Ham? Coitadinho por quê? Ele nem mesmo conhece o gosto do sal, para sentir falta dele.

Em contrapartida ao ver uma criança de 10 meses comendo coxinha, ninguém (ouso arriscar que ninguém mesmo) chega para chamar esse bebê de coitado para os pais.

Preciso dizer que não sou a favor de pessoas que se metem na vida das outras, em especial se tratando do quesito maternidade e paternidade, ok? Apenas usei essas situações como exemplos.

Gostaria de falar mais sobre alimentação infantil aqui (deixem nos comentários se vocês também querem). Mas esse texto não é exatamente para isso. É para nos chamar a atenção para o básico.
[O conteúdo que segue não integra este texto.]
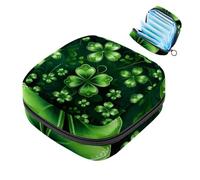 Happy St Patrick's Day Four Leaf Clover-667 - Kit para el primer período para niñas, bolsa menstrual de tampón, soporte para almohadilla de lactancia con cremallera, organizador de servilleteros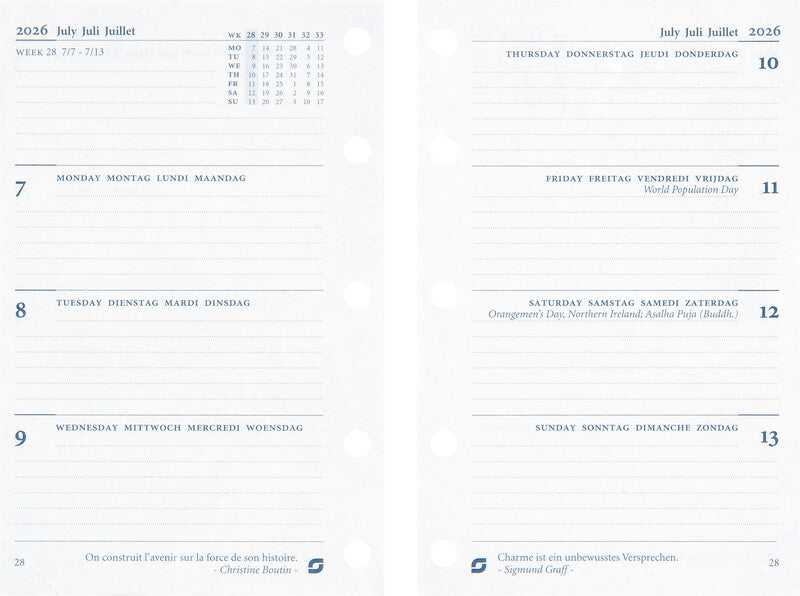 Succes Kalender-Einlage – 1 Woche/2 Seiten, 5-fach, 6,7 × 10,4 cm, 2026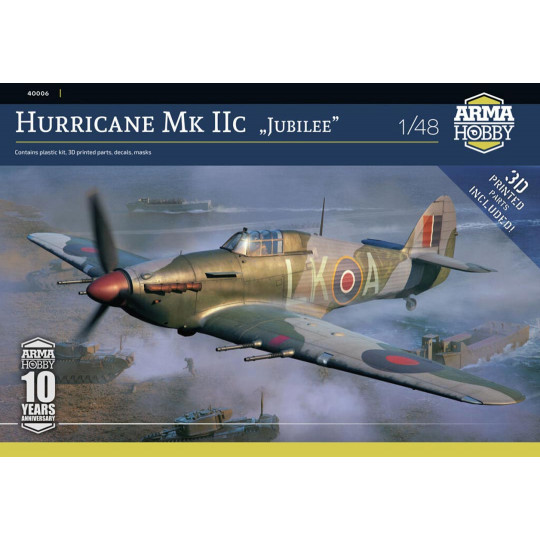 Plastikmodellflugzeug Hurricane Mk IIc Jubilee LIMITIERTE AUSGABE 1:48 Plastikmodellflugzeug...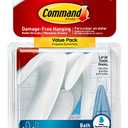 Command Bath Large Towel Hook Value Pack, Clear Frosted, 3-Large Hooks, 3-Water-Resistant Strips, Organize Damage-Free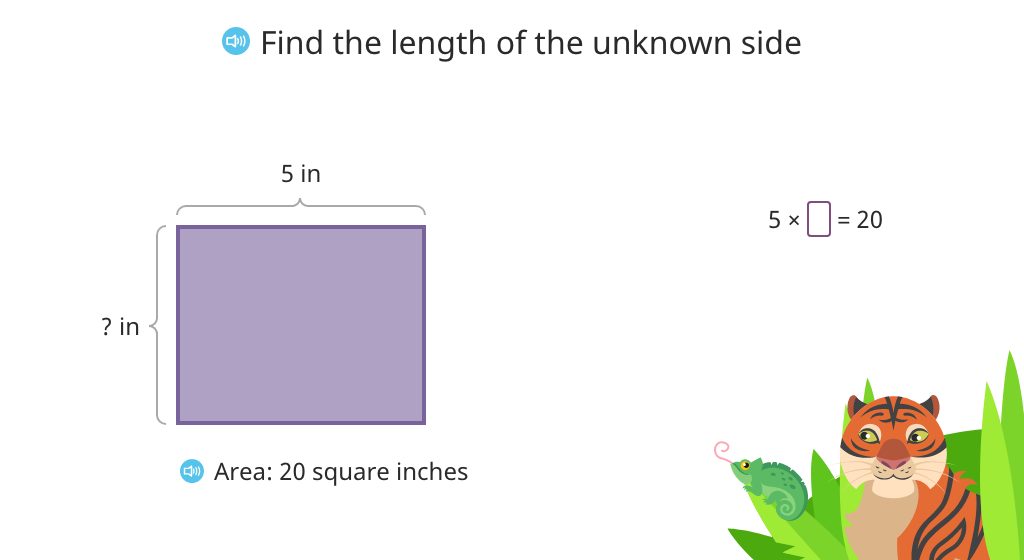 Determine the length of a side based on the area of a rectangle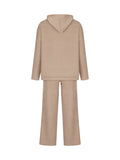Momentlover Loose Solid Color Hooded Long Sleeves Round-Neck Sweater Top + Drawstring Pants Bottom Two Pieces Set
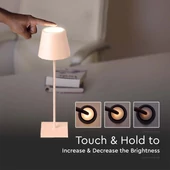 3W Led Table Lamp Rechargeable Touch Dimmable Grey Body 4000K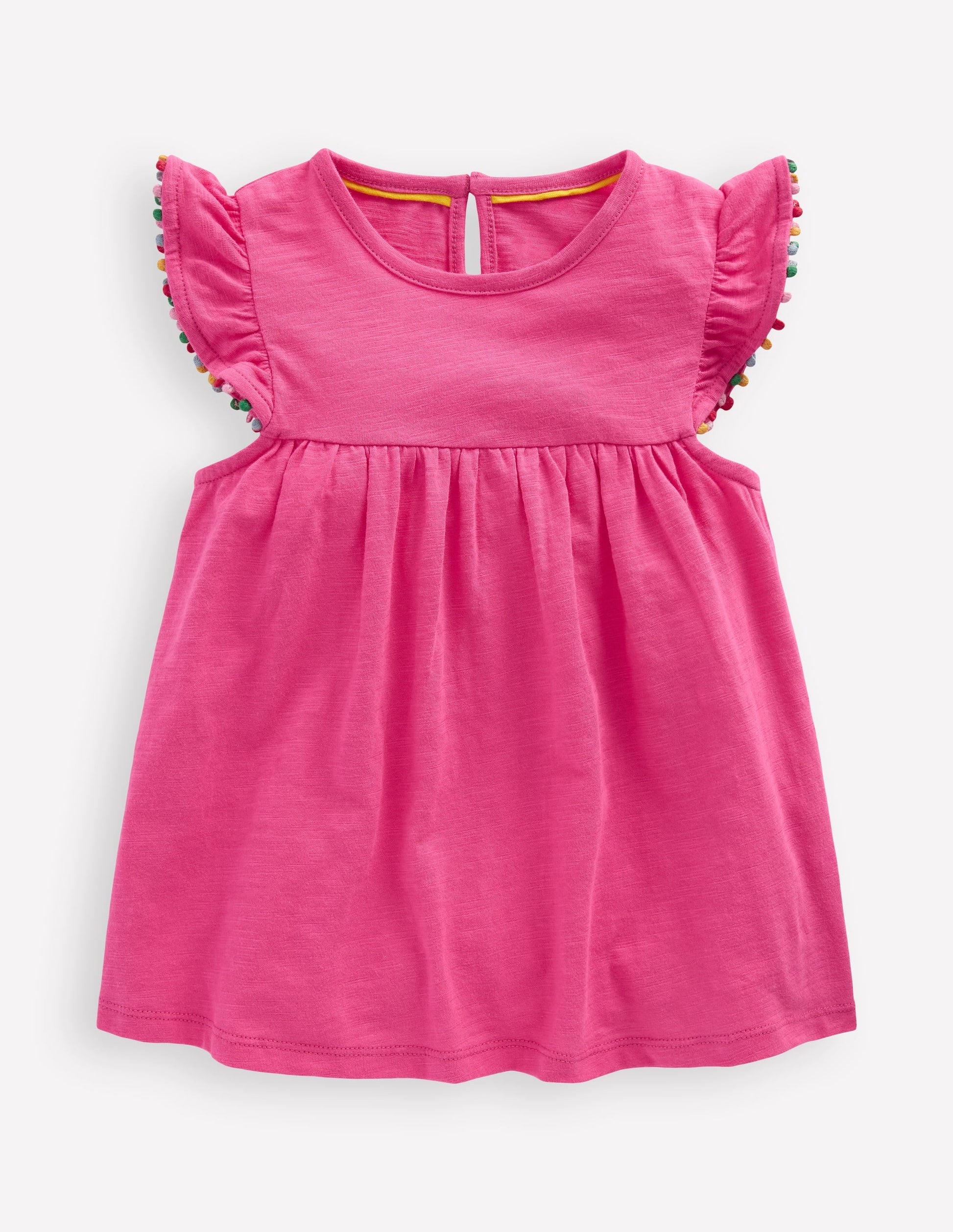 Frill Sleeve Pom Top-Flamingo Pink-1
Para o nosso comportamento diante do alimento. Precisamos nos libertar dos conceitos de que é preciso comer até raspar o prato, por exemplo. Nosso corpo não é uma lixeira. Se estamos satisfeitos, e ainda tem comida no nosso prato, podemos sim parar e guardar o restante. E se você está preocupado com a fome do mundo, preciso te contar uma coisa: comer ou não aquele resto de comida, não vai resolver essa questão. Procure outra forma de ajudar (tenho certeza que existem várias mais eficientes). Mas não jogue essa responsabilidade no seu corpo. Não coma a mais por isso. Coma para matar sua fome, ou porque quer, ou porque está muito gostoso, mas não por uma obrigatoriedade abstrata de raspar aquele prato. Dessa vez, ninguém vai ficar triste. Não vai ter castigo. E a sobremesa são está mais em jogo.

Reconecte-se com o ato de se alimentar. Faça dele um momento de prazer, de saúde e de consciência. E acredite: um corpo saudável sinaliza  hora de comer e a hora de parar de comer. Ouça o seu corpo um pouquinho… Você não perde por tentar.